Tutto questo contribuisce a spiegare la «lunga durata» del Sessantotto italiano, rispetto, per esempio, a quello francese. Il massimalismo, abilmente cavalcato e imbrigliato da Mussolini prima e da Togliatti poi, riemerge prepotente nel nuovo «biennio rosso» fine anni 60, corroborato ed estremizzato proprio dalla strage di Milano (si pensi soltanto alla vera e propria istigazione all'omicidio del commissario Luigi Calabresi, incaricato di svolgere le indagini su quella vicenda, da parte di Lotta Continua, che lo accusò della morte di Pinelli: una istigazione, come è noto, alla fine tragicamente accolta).

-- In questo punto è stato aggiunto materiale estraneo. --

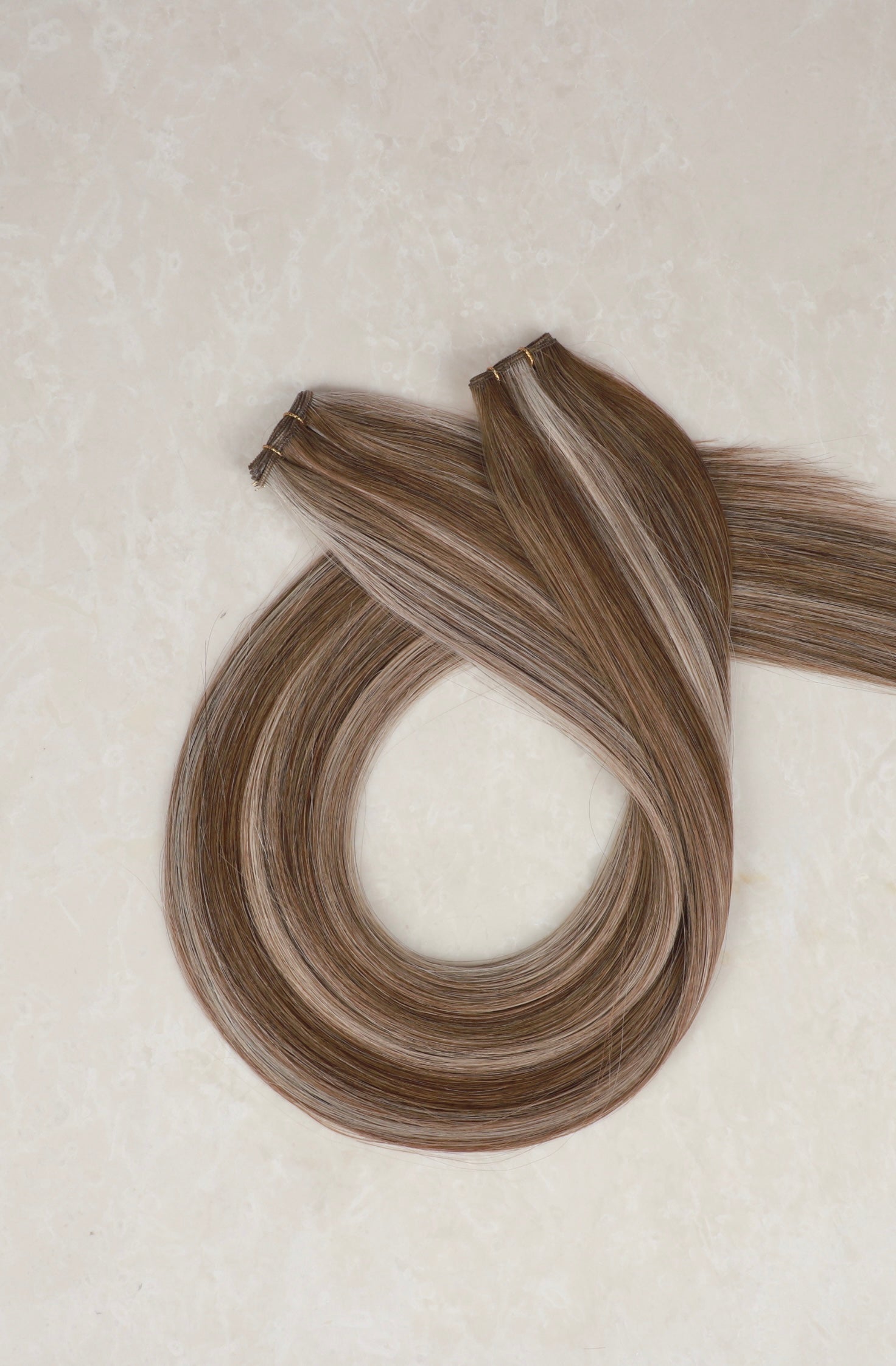 Human Hair Extensions. Hollywood Bronde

Inoltre, soprattutto, a differenza di altri Paesi occidentali, da noi l'estremismo sessantottino, nato fra gli studenti e molto politicizzato, sopravvive a lungo, perché, grazie all'iniziativa dei suoi leaders operaisti, riesce a saldarsi, nel '69, con l'Autunno caldo degli operai, in un fronte comune che radicalizza la lotta sindacale orientandola verso il raggiungimento di importanti, inediti obiettivi, quali lo Statuto dei lavoratori. La Cgil, ma anche il Pci di Longo, intenzionato a non avere nemici a sinistra e a capitalizzare la protesta, in questa fase blandiscono il movimentismo extraparlamentare, contribuendo certamente alla sua forza e longevità, salvo poi, intorno alla metà degli anni '70, prendere nettamente le distanze da certe sue manifestazioni violente (come, per esempio, l'assalto degli autonomi (i «nuovi fascisti») al palco di Lama nel '77, alla Sapienza di Roma), fino a condannare con nettezza il terrorismo brigatista l'anno successivo, in occasione del rapimento e dell'assassinio di Aldo Moro.

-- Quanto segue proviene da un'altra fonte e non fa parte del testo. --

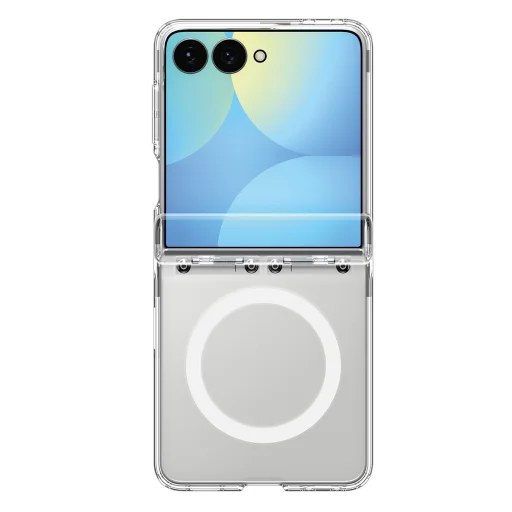 Samsung Galaxy Z Flip8 Spigen Ultra Hybrid Pro MagSafe priehľadné biele puzdro - 3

Condannarlo e stringersi solidali attorno alle istituzioni democratiche, le quali, a differenza del 1919-20, reggono il colpo e preparano le condizioni per la sconfitta del terrorismo, così come, nove anni prima, grazie anche al comportamento responsabile dell'opposizione di sinistra e dei sindacati, avevano sbarrato la strada alla svolta autoritaria perseguita dagli ispiratori della strage di Piazza Fontana.